= Stampede Entertainment =

American film production company

Stampede Entertainment is a film production company founded in the early 1990s by producer Nancy Roberts. The original Stampede team consisted of Roberts, screenwriters Brent Maddock and S.S. Wilson and director Ron Underwood.

The partners' previous work includes Short Circuit (1986), Batteries Not Included (1987), Short Circuit 2 (1988), The Land Before Time (1988), Tremors (1990), and City Slickers (1991). Stampede Entertainment's first production was Heart and Souls (1993), followed by Tremors 2: Aftershocks (1996), Tremors 3: Back to Perfection (2001), and Tremors 4: The Legend Begins (2004).

Stampede Entertainment also produced 13 episodes of Tremors the Series for the SciFi Channel in 2003.

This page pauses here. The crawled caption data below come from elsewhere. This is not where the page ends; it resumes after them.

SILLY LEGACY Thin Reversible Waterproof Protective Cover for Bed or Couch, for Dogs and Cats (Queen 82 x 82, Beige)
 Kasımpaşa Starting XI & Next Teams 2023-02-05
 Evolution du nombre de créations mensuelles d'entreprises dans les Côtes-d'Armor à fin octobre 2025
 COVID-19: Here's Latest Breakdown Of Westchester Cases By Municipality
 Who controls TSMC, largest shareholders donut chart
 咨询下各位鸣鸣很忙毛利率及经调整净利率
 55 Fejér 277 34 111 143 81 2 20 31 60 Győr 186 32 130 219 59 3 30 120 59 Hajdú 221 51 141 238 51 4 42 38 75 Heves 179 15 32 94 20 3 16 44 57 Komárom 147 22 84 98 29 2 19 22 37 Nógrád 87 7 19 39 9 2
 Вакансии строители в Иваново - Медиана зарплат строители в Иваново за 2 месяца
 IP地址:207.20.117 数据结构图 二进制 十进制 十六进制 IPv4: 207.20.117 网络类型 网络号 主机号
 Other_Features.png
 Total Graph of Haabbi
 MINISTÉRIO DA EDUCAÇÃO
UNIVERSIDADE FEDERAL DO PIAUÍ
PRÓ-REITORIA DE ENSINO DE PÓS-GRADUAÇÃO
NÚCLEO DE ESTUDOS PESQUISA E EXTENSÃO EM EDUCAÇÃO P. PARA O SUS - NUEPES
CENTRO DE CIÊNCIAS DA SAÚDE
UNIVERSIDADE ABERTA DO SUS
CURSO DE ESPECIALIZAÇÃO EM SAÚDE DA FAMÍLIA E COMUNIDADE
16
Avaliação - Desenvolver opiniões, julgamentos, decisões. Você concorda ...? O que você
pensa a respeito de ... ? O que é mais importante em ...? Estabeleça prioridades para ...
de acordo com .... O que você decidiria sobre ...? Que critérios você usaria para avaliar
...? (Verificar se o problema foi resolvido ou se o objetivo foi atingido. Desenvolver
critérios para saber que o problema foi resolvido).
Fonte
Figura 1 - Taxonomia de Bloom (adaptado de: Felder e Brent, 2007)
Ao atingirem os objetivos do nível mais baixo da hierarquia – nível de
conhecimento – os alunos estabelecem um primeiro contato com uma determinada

Stampede Entertainment also published the online game Dirt Dragons in 2004, based on their film Tremors 4: the Legend Begins.

In 2014, 10 years after Tremors 4's release, Universal Studios re-launched the franchise with a sequel, Tremors 5: Bloodlines. Although Stampede Entertainment expressed interest in working on the project (which was very loosely based on their previous script pitch for a fifth film which was to be set in Australia), they were offered no effective creative control over the film's story or direction, and thus declined to be credited as Executive Producers. In April 2025, it was announced that Stampede Entertainment had won the rights to the franchise back and are planning a sequel to "Back to Perfection" with hopes of getting Kevin Bacon to return as Val.

Additionally, a second Tremors television series was put into development by Blumhouse Productions without Stampede Entertainment's involvement, although the pilot was not accepted by the network.